Verdict : 70/100

Je vous propose dans cet article de vous faire le résumé de mes impressions suite aux premiers jours passés avec le dernier jeu produit par Nintendo.

Comme vous avez pu le constater en lisant le titre de l’article, cette nouvelle licence de Nintendo est pour moi un coup de cœur. Ils ont su là produire un jeu divertissant, visuellement très intéressant et encore et toujours avec la patte fun chère à Big N.

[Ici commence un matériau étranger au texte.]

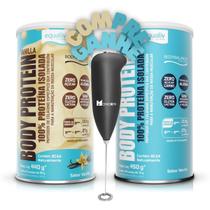 Kit 2x Body Protein Isolada 440g/600g Equaliv + Mixer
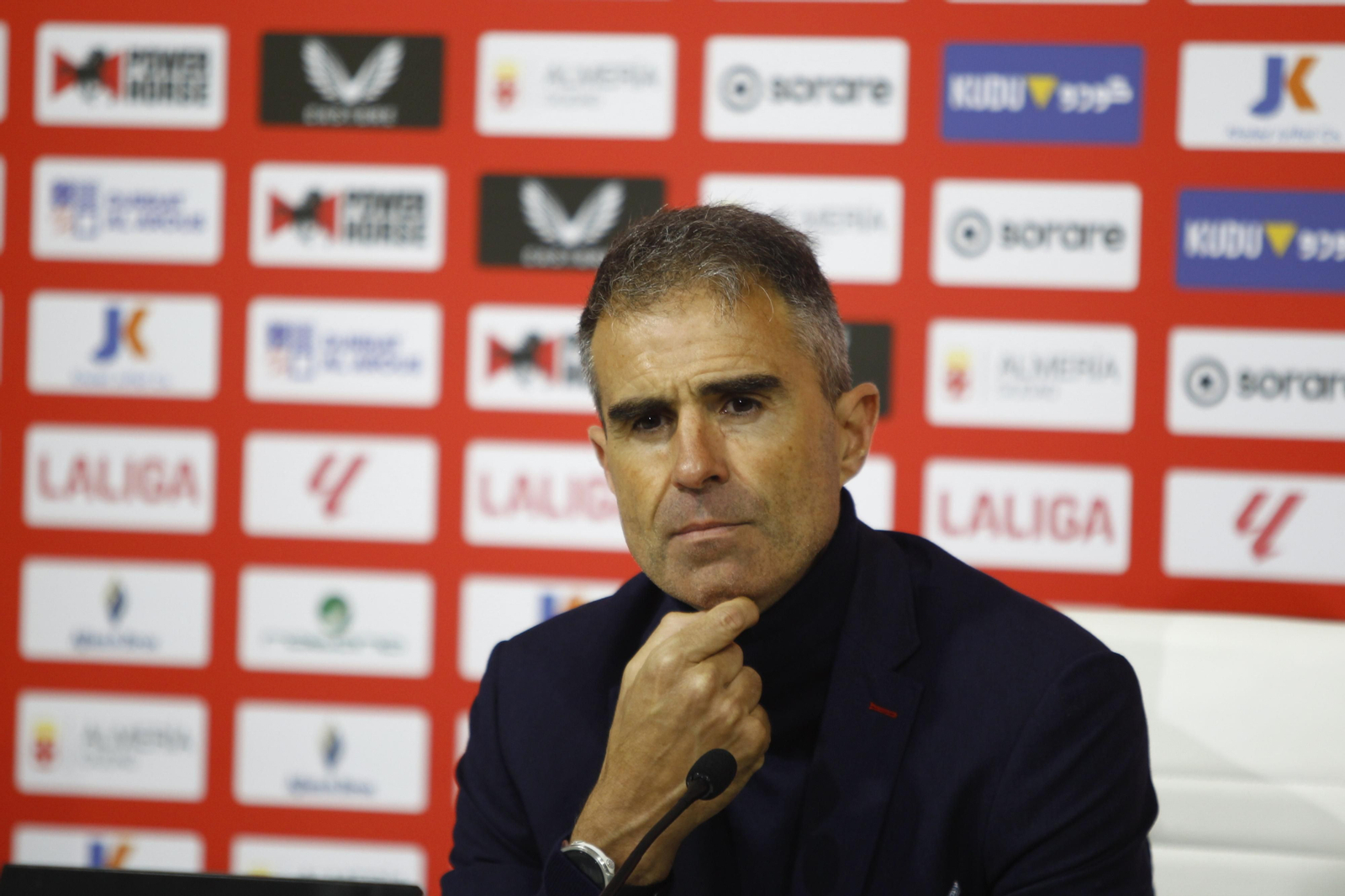 Las mejores imágenes del partido de fúbol U.D. Almería-Sevilla F.C.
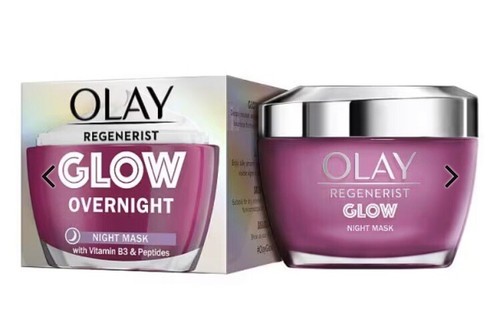 Olay Glow Regenerist Overnight Face Mask With Vitamin B3 + Peptides/50ml/ - Picture 4 of 18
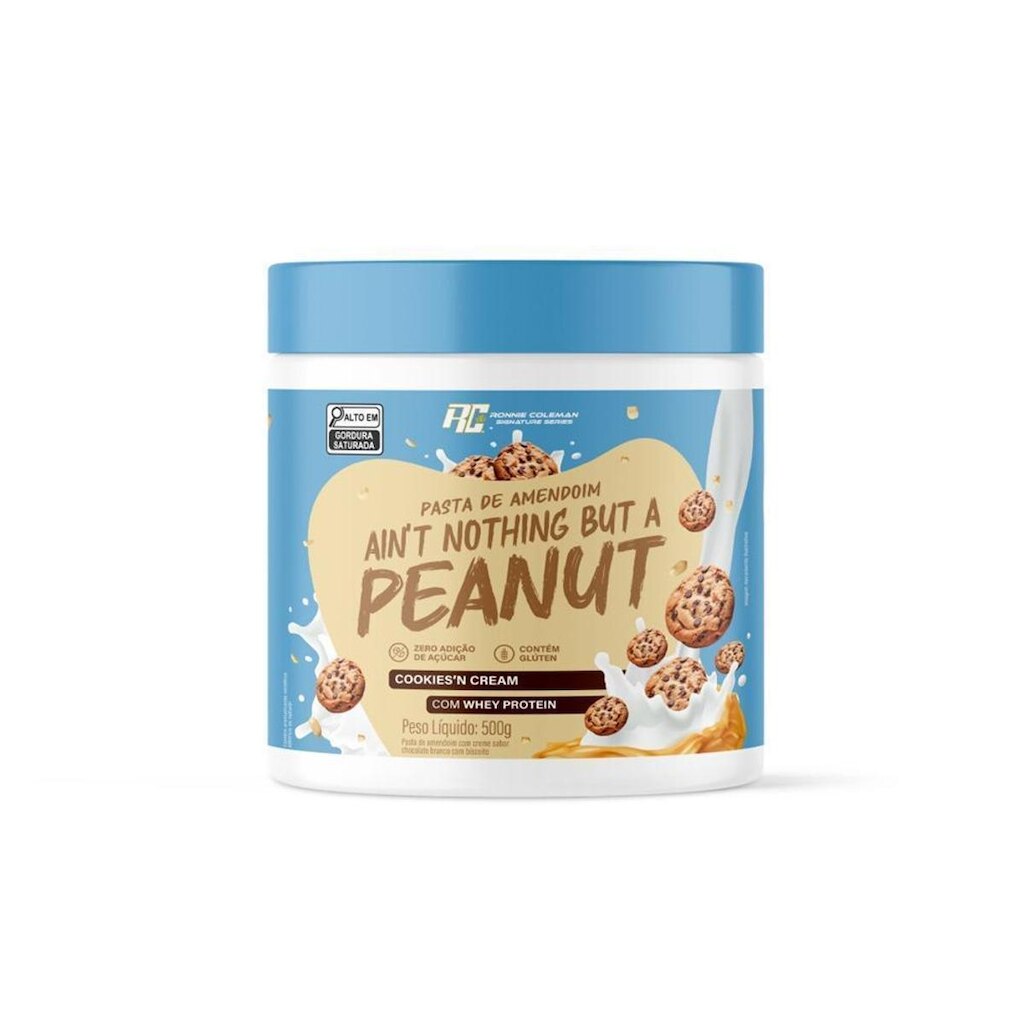Pasta de Amendoim Ronnie Coleman Com Whey Protein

Je suis un joueur régulier, assez fan de l’univers Nintendo mais pas un hardcore gameur. C’est dans cette optique que je vous propose mon avis sur le jeu qui s’adresse à mon sens avant tout à des joueurs occasionnels, aux soirées entre amis ou en famille ou enfin (mais pas que) à un jeune public.

Joycons ou manette(s)

À titre préalable, je souligne que, si je suis aujourd’hui assez enthousiaste sur le jeu, ce n’était pas le cas quand j’ai vu les premières images. En effet, j’avais cru comprendre sur la vidéo de démonstration et dans les premiers tests que ce serait jouable uniquement avec les Joy-con.

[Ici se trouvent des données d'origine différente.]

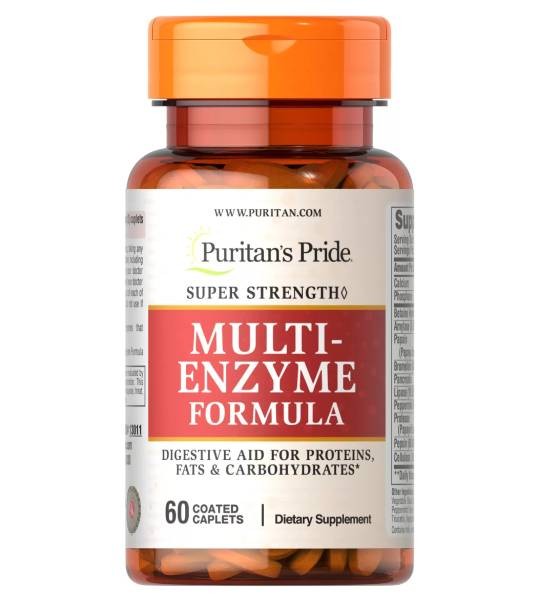 Puritan's Pride Super Strenght Multi-Enzyme Formula 60 табл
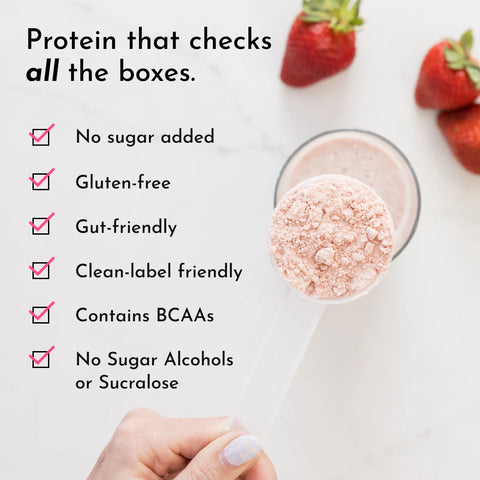Just Ingredients Strawberries & Cream Protein Powder Just Ingredients Protein Powder Just Ingredients
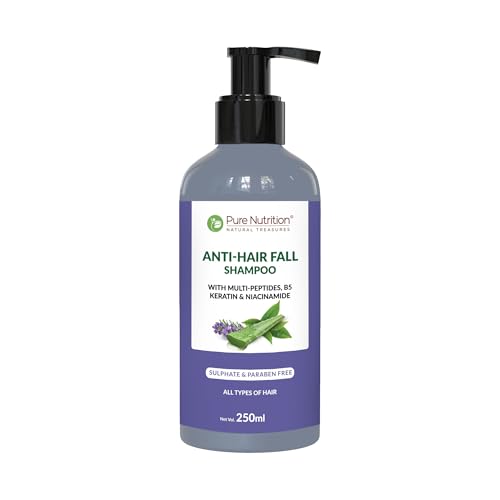 Pure Nutrition Anti-Hair Fall Shampoo With Peptides | B5 & Niacinamide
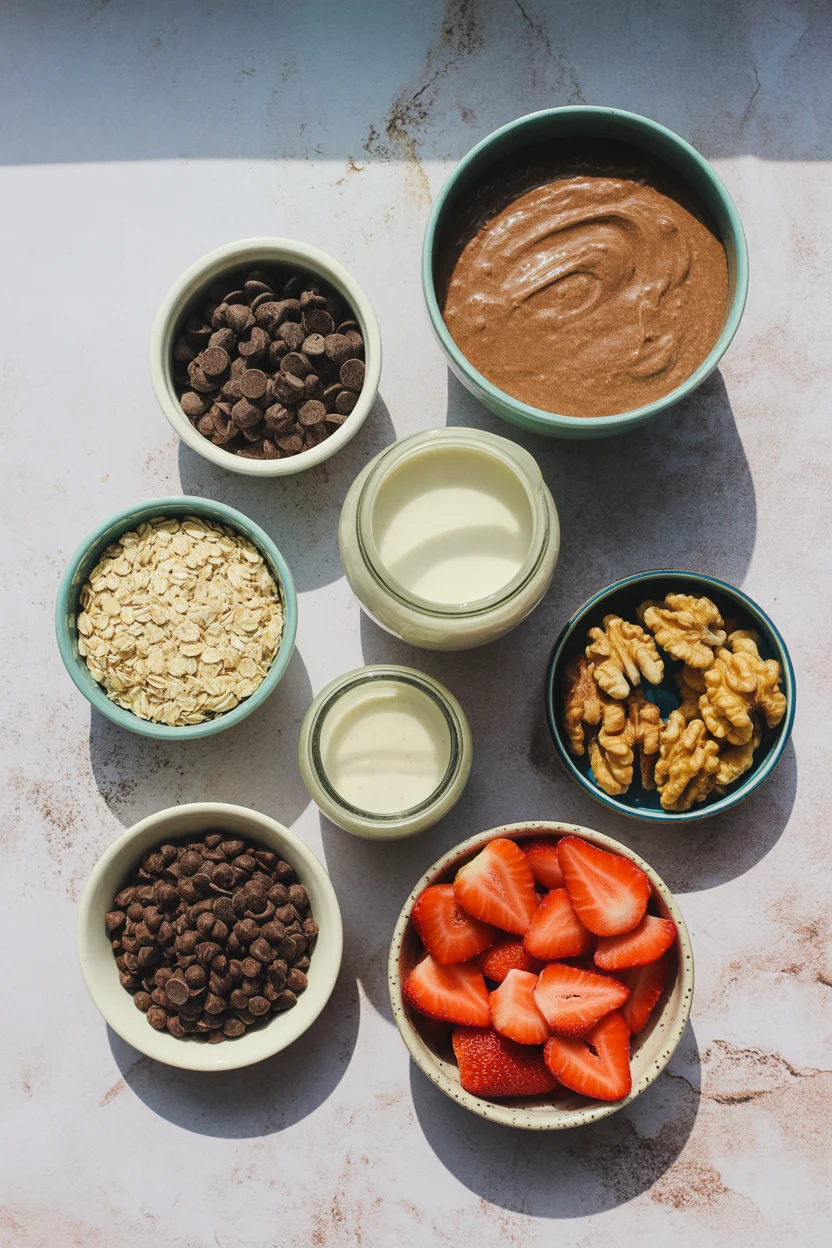 brownie-batter protein overnight oats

J’avais précommandé le jeu pour l’essayer mais sans grande conviction de départ… en effet, j’avais le souvenir d’un très bon jeu sur la Wii que je n’avais pas terminé en raison de la détection de mouvement ; après une dure journée de boulot et même si le jeu était très bon, j’avoue je n’avais pas envie de « boxer » physiquement devant la télé mais plutôt de « légumer » dans mon canapé. Il s’agissait à l’époque de Dragon Ball Z Budokaï que je n’avais jamais terminé malgré ses indéniables qualités.

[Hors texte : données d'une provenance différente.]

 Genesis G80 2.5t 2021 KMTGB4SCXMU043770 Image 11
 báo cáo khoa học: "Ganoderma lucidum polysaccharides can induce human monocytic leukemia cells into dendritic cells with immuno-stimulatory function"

Aussi, j’ai été très content de découvrir le mode de jeu avec la manette pro ! Je commence donc par donner mes impressions sur ce mode de jeu.

Manette pro (ou avec un joy-con par joueur)

Tout d’abord, la prise en main est extrêmement rapide : les deux boutons du bas servent à bouger rapidement pour essayer de se positionner (sauter et pas latéral ou en avant) ; les deux boutons du haut ou les gâchettes L et R servent à actionner les bras (il est plus intuitif de faire avec L et R). Enfin, le Joystick de gauche sert à se diriger ou, en appuyant dessus, à faire une parade/charger.

Le système de base est donc extrêmement simple et à la portée d’un enfant.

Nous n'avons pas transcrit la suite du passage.